I am at least familiar with the template of the story. I hope it is the template. There is no way to really know. The supposed inspired mythos of the Journey to the West story is familiar and cozy, and seems to be a dominant subject in Chinese film. Here, it spins out into an incomprehensible web of a story. It’s about parallel realities converging. There’s a desperate father who must find his missing daughter and a fantasy novelist that he must kill, who seems to be manifesting this reality through his online fictions. At any point, it can feel like four different narratives are going in different directions. Fine enough, but it never plays as remotely coherent, or intelligible, without any rhythm to plot movements, or from one edit to the next. It’s a digital effects festival in search of a movie.
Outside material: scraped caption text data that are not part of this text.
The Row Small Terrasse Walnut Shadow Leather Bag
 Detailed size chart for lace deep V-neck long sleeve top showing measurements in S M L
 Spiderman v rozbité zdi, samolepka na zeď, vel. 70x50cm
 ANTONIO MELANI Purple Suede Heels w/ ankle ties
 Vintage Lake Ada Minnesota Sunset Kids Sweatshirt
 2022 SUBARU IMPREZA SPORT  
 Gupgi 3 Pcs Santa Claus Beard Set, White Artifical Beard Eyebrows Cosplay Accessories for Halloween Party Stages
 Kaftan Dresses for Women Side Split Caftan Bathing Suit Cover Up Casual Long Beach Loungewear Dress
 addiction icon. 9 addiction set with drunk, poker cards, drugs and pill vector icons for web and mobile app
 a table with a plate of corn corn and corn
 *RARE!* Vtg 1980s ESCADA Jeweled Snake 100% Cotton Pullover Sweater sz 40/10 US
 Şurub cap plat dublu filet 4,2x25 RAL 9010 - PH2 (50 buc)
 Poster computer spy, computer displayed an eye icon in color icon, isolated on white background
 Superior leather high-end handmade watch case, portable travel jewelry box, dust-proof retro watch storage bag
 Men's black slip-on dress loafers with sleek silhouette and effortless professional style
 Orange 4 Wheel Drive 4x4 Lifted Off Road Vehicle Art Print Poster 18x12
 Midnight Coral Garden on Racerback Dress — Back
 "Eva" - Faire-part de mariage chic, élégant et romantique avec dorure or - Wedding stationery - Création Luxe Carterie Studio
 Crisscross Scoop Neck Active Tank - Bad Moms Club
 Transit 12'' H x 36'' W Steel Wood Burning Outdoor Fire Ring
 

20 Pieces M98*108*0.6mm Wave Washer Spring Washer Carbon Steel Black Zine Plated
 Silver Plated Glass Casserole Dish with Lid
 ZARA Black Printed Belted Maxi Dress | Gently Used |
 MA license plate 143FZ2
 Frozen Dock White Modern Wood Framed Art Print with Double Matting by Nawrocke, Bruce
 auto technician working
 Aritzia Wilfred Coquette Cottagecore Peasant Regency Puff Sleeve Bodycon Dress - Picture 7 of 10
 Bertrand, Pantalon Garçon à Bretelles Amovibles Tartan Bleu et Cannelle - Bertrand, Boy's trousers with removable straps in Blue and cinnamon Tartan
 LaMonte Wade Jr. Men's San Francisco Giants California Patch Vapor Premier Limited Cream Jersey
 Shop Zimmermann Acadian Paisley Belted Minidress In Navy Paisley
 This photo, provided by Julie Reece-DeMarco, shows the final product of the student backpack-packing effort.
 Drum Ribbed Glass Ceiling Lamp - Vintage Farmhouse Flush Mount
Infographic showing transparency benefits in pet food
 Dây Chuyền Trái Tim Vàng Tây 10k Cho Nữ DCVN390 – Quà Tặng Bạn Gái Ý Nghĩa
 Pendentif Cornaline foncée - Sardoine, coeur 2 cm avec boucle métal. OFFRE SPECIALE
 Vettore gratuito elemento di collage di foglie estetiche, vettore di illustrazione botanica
And the effects are not that good. Part of it is that the movie refuses to decide upon a tone. It will go neither into high fantasy nor magical realism. It would prefer to blandly cross those worlds. The CGI, then, always feels disconnected, without a sense of place, or a physical weight that feels attributable to the world. Large dragons or demonic creatures can grace the screen without feeling or impact. It’s an expensive way to make a film that does not have any tangible visual goals, which is a disaster for a project where only the CGI stands out.

It remains unclear to me exactly why A Writer’s Odyssey exists. It seems to only be an absurd monetary proposition. Like those videogame advertisements on social media, it hopes someone will see this on a poster outside a cinema, and think that they are going to see a real movie.